If you liked this post, check out the homepage for others you might enjoy.



  1. Specifically, it uses std::fill with a zero argument, with some inlining prevention, which ultimately results in a fill which uses a series of 32-byte vector loads and stores to store 256 bytes per unrolled iteration, with a loop body like this:

    vmovdqu YMMWORD PTR [rax],ymm1
    vmovdqu YMMWORD PTR [rax+0x20],ymm1
    vmovdqu YMMWORD PTR [rax+0x40],ymm1
    vmovdqu YMMWORD PTR [rax+0x60],ymm1
    vmovdqu YMMWORD PTR [rax+0x80],ymm1
    vmovdqu YMMWORD PTR [rax+0xa0],ymm1
    vmovdqu YMMWORD PTR [rax+0xc0],ymm1
    vmovdqu YMMWORD PTR [rax+0xe0],ymm1
    

    So the compiler does a good job: you can’t ask for much better than that. 

  2. I’m doing a bit of a retcon here. The effect is present as described on the gates given, and I observed and benchmarked it on Wednesday myself, but the specific data series used for the plots were generated a week later when I had time to collect the data properly in a relatively noise free environment. So the two series were collected back-to-back on the same day, varying only the hidden parameter you’ll learn about two paragraphs from now. 

  3. To be clear, the microcode is not persistent, so it needs to be loaded on every boot. If you remove or downgrade the intel-microcode package, you’ll be back to an older microcode after the next boot. That is, unless you also update your BIOS which can also come with a microcode update: this will be persistent unless you downgrade your BIOS. 

  4. The new June 8th microcode versions are 0xea for Skylake (versus 0xe2 previously) and 0xa6 for Ice Lake (versus 0xa0 previously). 

  5. barely 

  6. The performance regression shown in the plots is close to a worst case: the benchmark only fills zeros and nothing else. Real code doesn’t spend that much time filling zeros, although zero is no doubt the dominant value in large block fills, at least because the OS must zero pages before returning them to user processes and memory-safe languages like Java will zero some objects and array types in bulk. 

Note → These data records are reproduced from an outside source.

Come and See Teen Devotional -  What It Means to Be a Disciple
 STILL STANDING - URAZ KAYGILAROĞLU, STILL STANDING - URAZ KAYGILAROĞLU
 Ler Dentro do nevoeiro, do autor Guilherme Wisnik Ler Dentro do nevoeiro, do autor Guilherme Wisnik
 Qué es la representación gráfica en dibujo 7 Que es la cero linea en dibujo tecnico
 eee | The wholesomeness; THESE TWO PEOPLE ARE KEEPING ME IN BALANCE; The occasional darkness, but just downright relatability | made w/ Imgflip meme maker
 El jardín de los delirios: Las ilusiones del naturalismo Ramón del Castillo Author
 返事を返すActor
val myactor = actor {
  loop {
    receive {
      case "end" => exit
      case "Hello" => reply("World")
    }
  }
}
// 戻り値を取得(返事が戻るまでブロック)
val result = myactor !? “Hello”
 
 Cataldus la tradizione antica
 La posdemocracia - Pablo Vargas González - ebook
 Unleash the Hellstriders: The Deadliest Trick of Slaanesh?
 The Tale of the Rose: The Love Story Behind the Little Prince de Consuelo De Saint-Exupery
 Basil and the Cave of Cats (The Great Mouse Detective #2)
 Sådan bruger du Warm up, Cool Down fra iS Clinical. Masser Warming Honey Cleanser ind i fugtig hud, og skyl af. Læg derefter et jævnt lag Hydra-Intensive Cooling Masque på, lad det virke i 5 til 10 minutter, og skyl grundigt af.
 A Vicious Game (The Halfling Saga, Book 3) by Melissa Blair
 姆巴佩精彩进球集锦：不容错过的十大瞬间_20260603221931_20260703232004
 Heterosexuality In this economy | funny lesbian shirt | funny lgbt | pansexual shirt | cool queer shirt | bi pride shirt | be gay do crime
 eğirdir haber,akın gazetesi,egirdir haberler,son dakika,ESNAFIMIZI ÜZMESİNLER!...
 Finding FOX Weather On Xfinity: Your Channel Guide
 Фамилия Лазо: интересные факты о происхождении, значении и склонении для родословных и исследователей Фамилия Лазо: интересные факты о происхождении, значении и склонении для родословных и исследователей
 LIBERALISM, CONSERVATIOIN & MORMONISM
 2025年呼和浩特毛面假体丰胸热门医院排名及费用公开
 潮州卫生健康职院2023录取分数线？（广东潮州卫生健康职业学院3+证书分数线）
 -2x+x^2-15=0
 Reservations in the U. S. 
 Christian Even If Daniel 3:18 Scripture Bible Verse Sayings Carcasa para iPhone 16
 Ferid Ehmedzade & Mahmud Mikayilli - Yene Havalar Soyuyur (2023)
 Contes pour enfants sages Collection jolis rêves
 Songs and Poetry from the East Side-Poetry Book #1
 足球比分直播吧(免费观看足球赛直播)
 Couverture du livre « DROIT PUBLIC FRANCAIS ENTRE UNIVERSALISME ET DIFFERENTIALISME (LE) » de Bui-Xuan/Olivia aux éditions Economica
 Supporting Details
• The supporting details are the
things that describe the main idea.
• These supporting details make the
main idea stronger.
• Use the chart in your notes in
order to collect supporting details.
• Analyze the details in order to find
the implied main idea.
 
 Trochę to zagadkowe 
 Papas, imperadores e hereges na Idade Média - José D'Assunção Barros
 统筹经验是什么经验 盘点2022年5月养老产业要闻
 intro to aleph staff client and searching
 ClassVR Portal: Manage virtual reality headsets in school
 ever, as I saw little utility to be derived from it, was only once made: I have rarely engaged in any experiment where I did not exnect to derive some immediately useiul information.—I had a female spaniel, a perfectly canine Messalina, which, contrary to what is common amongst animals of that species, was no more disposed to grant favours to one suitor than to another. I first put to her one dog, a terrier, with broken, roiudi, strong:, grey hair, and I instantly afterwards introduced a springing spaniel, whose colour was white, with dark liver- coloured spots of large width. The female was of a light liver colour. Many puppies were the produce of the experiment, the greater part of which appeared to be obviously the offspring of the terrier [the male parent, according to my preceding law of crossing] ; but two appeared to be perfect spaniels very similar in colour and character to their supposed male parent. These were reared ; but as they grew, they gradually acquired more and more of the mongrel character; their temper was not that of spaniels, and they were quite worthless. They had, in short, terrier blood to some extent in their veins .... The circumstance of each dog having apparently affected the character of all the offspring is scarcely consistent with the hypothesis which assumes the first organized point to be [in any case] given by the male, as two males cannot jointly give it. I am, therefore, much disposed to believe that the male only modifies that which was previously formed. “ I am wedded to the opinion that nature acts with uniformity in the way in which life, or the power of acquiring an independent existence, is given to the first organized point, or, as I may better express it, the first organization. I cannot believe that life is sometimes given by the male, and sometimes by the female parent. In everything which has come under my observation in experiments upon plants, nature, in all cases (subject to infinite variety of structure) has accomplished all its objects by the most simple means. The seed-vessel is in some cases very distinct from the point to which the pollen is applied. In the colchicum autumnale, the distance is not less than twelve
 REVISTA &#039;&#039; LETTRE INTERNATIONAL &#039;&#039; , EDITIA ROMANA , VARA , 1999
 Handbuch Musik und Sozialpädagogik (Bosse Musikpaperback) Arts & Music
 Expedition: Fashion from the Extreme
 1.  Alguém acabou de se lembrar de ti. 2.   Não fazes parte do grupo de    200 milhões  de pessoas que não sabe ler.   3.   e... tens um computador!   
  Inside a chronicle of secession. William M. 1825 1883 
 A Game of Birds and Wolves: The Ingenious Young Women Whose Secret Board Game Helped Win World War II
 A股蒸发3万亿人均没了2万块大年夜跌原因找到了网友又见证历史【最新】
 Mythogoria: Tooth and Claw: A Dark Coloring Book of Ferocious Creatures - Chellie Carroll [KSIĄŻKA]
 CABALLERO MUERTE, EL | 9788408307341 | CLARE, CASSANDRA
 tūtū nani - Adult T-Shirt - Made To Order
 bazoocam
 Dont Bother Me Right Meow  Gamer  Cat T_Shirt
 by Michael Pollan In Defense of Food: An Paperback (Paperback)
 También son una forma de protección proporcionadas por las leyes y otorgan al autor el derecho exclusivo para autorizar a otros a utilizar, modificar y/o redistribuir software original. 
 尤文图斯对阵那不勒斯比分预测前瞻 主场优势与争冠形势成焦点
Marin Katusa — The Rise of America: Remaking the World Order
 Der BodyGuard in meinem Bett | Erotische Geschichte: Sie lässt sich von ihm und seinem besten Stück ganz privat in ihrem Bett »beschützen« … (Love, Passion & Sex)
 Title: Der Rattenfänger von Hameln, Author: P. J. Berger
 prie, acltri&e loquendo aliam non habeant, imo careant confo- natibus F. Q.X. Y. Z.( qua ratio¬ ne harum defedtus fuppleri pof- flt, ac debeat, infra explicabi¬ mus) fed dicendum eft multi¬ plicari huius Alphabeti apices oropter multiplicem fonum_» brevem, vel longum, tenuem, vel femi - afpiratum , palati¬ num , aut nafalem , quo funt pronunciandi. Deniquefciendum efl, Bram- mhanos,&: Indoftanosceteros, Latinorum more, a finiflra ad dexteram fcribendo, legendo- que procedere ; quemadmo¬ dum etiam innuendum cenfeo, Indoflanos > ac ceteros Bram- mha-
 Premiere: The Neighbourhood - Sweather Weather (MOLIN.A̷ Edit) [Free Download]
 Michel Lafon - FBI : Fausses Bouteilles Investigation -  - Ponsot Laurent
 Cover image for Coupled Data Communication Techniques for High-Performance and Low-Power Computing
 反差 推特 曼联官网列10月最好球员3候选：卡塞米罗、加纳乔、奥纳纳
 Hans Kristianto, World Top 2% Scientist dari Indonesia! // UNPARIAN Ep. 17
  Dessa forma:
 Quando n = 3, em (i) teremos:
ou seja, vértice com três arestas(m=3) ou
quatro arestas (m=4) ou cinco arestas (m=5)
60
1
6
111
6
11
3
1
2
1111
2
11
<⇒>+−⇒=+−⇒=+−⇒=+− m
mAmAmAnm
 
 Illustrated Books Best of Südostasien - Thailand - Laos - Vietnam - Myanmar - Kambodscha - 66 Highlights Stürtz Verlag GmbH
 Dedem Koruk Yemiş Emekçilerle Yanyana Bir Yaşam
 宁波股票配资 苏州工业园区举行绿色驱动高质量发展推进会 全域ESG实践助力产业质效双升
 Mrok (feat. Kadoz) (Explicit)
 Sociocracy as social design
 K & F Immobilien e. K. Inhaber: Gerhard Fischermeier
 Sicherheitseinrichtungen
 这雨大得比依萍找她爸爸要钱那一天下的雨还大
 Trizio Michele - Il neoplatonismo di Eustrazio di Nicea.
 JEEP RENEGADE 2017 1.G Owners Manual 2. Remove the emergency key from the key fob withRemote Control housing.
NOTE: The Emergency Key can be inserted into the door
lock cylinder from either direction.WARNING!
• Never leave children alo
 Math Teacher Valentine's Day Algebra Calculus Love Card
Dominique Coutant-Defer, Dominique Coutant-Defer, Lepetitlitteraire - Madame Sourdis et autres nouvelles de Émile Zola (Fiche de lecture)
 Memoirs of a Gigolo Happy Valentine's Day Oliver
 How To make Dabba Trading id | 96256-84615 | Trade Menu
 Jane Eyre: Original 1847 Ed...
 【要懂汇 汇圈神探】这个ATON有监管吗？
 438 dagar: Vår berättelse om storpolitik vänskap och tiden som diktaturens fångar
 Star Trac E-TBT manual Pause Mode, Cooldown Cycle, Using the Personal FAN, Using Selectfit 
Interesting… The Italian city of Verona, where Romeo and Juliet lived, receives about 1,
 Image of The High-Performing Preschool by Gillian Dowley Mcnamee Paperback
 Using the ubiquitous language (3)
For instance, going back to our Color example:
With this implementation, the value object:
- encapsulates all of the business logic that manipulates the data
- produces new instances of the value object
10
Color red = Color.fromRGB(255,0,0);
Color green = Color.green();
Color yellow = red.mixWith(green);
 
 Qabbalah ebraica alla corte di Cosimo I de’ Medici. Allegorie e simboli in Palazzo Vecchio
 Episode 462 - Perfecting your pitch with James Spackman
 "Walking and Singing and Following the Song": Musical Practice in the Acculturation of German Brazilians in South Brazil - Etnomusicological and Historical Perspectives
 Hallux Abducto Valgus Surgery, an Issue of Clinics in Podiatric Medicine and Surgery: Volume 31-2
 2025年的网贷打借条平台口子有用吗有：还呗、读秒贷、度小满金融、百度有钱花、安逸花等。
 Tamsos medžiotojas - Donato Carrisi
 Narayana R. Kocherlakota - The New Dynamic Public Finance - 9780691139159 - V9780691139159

  7. This observation becomes almost universal once you consider that the values involved in any operation affect power use (see e.g. Schöne et al or Cornebize and Legrand). Since power use can be directly (e.g., RAPL or external measurements) or indirectly (e.g., because of heat-dependent frequency changes) observed, it means that in theory any operation, even those widely considered to be constant-time, may leak information.